### [EXERCISE INPUT]

>>>

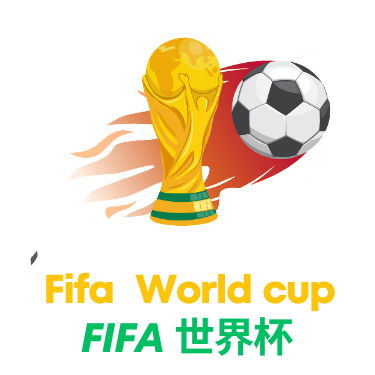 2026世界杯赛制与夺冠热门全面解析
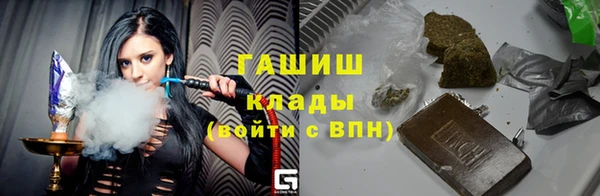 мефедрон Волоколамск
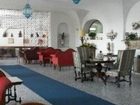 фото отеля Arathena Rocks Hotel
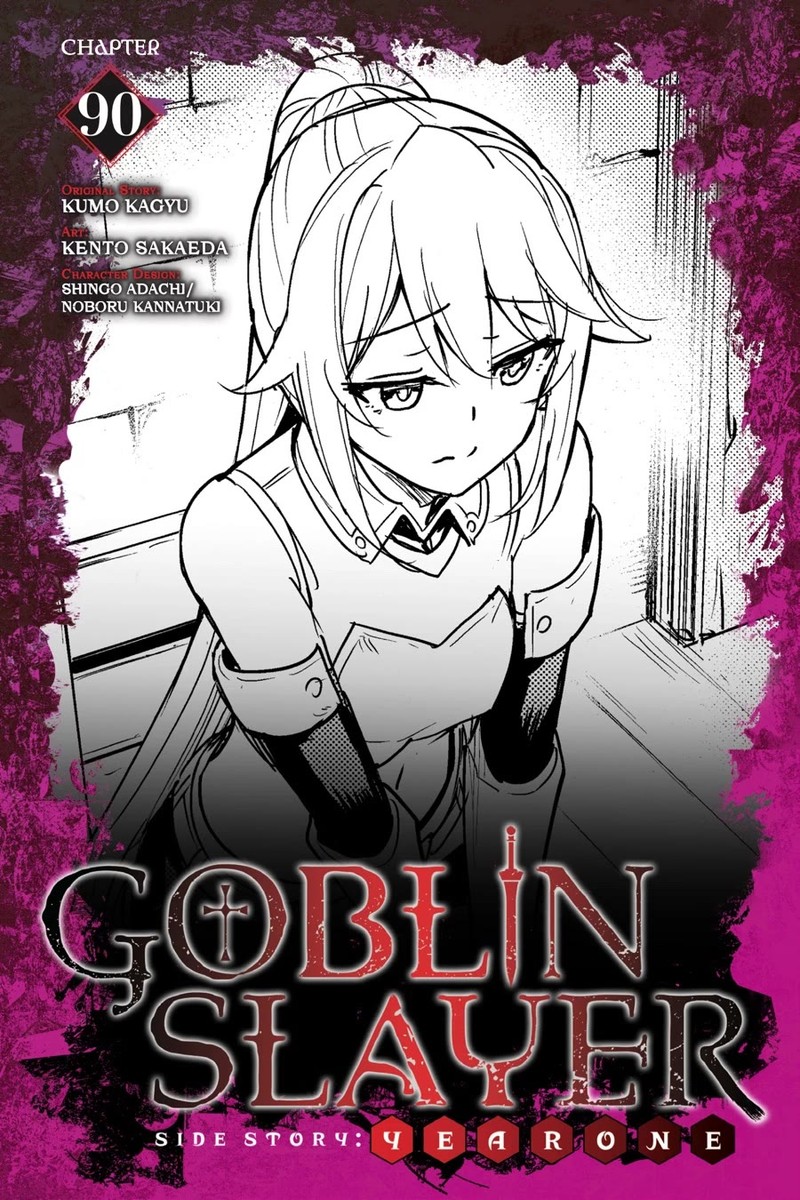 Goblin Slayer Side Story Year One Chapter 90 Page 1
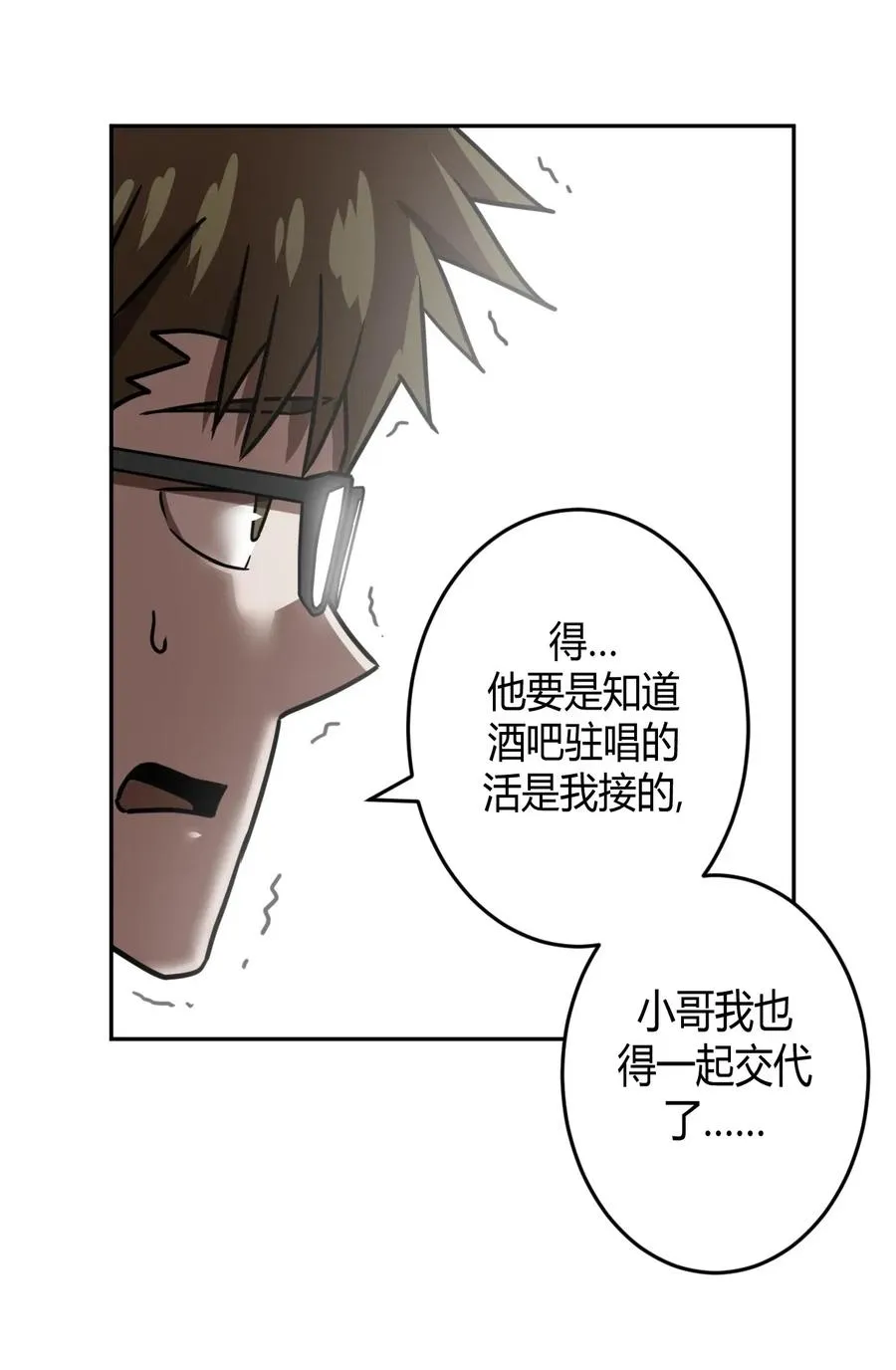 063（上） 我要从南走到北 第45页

<<<

Write out all the entries word for word, but skip any images.

 2026世界杯赛制与夺冠热门全面解析
 мефедрон Волоколамск
 фото отеля Arathena Rocks Hotel
 Goblin Slayer Side Story Year One Chapter 90 Page 1
 063（上） 我要从南走到北 第45页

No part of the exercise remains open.